How will I ever explain this experience? The people - trekkers, crew, villagers, the mountains, swamps, jungle - vegetation and sounds, the sunrises and sunsets, rain, storms, rivers, log bridges, food, smells… the list goes on.
It is all so unreal and with only a day and a half to go after today, I question where the time went. On one hand you look forward to each rest stop, lunch break or campsite and on the other you don’t want it to end, to go back to reality and ‘normal life’.
Today had intense downhills, steady uphills, swamps, mud, river crossings, mud, laughter, sweat, swimming in the river at lunch, walking to camp wet with no way of drying those clothes, nothing dries and at this stage the only clean things I had left were 3 pairs of socks.
The night on Brigade Hill was the first night I slept well in the tent, I won’t say I slept through as that would have been lying, but I slept the best of any night on Kokoda, and when we arrived in camp at New Nauro Village I found the team had put me in the shelter again - bless them!
Again this experience is so hard to describe, it’s not a holiday, it’s not easy, it’s not with any creature comforts, but it’s all worth it and I didn’t want it to end (note that 19 days later I still want to go back, so this is a good sign). I feel fitter than ever, I’ve learnt how to climb a hill at a steady pace - but I’m definitely not fast - I’ve detoxed from all normal foods and it’s now taken a couple of weeks to ‘retox’ so I feel I can eat normally.
As this day moved through, we walked down 700m and it was here that I let my concentration lapse and the track took me out… I went from careful steps down to lying on my back in the mud, moving my legs to make sure nothing hurt - thankfully I was all ok, as once we got to the bottom we were going up again for another 400m, before back down 400m (you see the pattern), it was on this downhill that we faced the infamous ‘Wall’, which I think was a lot easier to go down than to climb up, but we had done far harder on the track so far.
Post our lunchtime swim in the beautiful, but not aptly named, Brown River, the rain then came down as we headed off to walk through the swamp and it was here that we all learned our primary school gymnastics beam time came in handy, as we carefully manoeuvred ourselves across the maze of logs and magically no one fell in. As we were walking through one of the Porters turned and said something in Motu to Simeon and he laughed, turned to me and said “he said most people be quiet through the swamp, but not you, you keep chatting, smiling and laughing!”, so I took that as a compliment.
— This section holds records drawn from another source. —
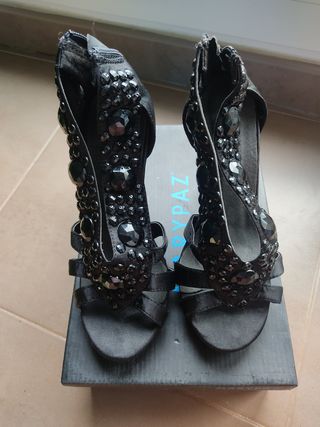 Sandalia con pedrería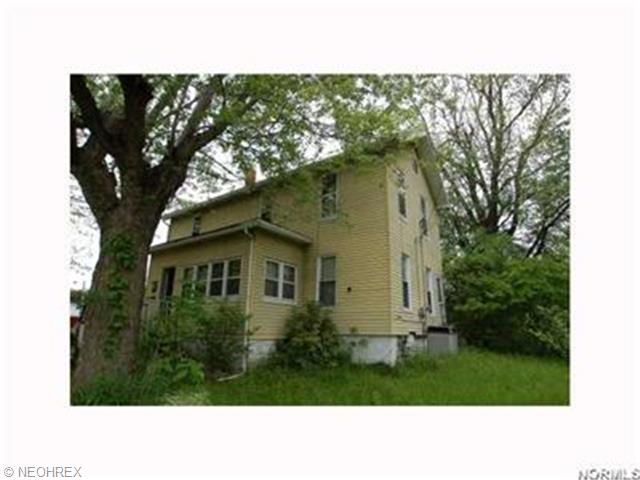 406 E 16th St, Ashtabula, OH 44004 photo 1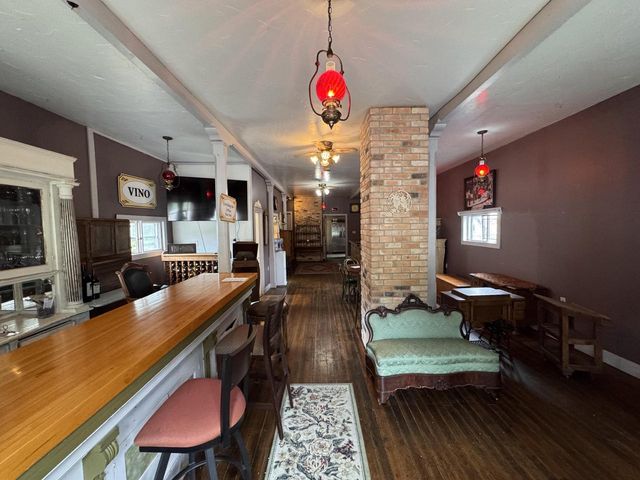 S77W25235 National AVENUE, Waukesha, WI 53189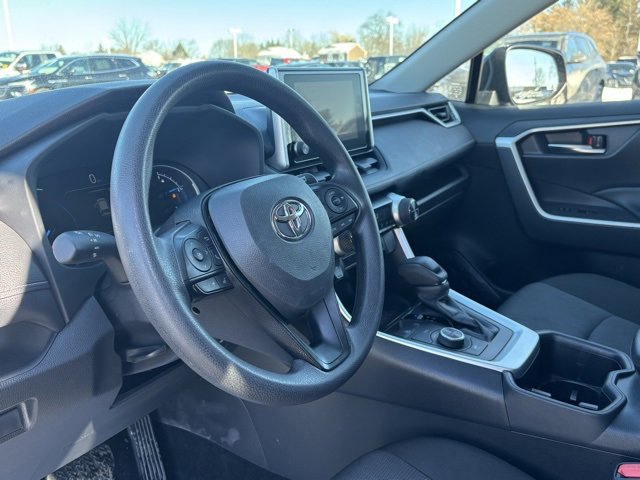 Used 2024 Toyota RAV4 XLE image 13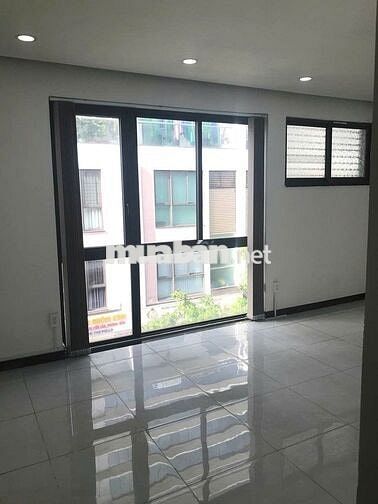 Cần cho thuê nhà Mặt Tiền Đường Số 6 trong khu CC Hà Đô P.12 Q.10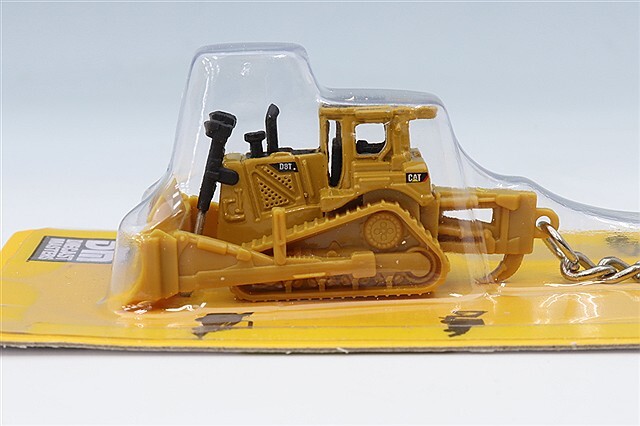 ダイキャストマスター キーホルダー CAT D8T ブルドーザ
As we cruised up our last 300m climb for the day, we nearly saw a Bird of Paradise and this was high on my list to try and see, but once at the top we had a funny moment with Kanaeve taking off with Lisa’s backpack and running onto the village and even though it was a gnarly 300m we were all loving the view from the top.
At one point today Simeon and I were chatting and he said that he will miss me, which was so lovely and he had no doubt with only a day and a half to go that I would walk out. It made me realise that all of my training, the times Andy had me trudging the sled up and back, or when I was out climbing up and down the Golden Staircase, that these were all pivotal in my success and enjoyment of the trek. Had I had managed to lose more weight prior to going then, yes that would have made the uphills easier but that will continue to come and happen.
In my journal for this day I wrote ‘I don’t want this to end!’ about six times, so that really goes to show how much I was loving the experience.
Funny story to end on… I got to 40 without realising how pineapples grow! How did I never know this interesting fact, and how did I not get a photo of them growing.
This night I went to bed knowing it was my second last night in a tent, unpacking and repacking and that tomorrow would bring the nine false peaks and a it’s own challenges, but no challenge that I hadn’t already faced physically or mentally along the track.